DATA PROVIDED

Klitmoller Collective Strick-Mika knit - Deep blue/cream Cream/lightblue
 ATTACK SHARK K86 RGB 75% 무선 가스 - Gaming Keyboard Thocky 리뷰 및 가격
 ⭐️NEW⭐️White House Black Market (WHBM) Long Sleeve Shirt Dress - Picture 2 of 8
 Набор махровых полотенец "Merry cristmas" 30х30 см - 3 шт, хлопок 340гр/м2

ACTIVITY
Each line must be set down again exactly as above, with no line omitted.

ANSWER TO THIS TASK
Klitmoller Collective Strick-Mika knit - Deep blue/cream Cream/lightblue
 ATTACK SHARK K86 RGB 75% 무선 가스 - Gaming Keyboard Thocky 리뷰 및 가격
 ⭐️NEW⭐️White House Black Market (WHBM) Long Sleeve Shirt Dress - Picture 2 of 8
 Набор махровых полотенец "Merry cristmas" 30х30 см - 3 шт, хлопок 340гр/м2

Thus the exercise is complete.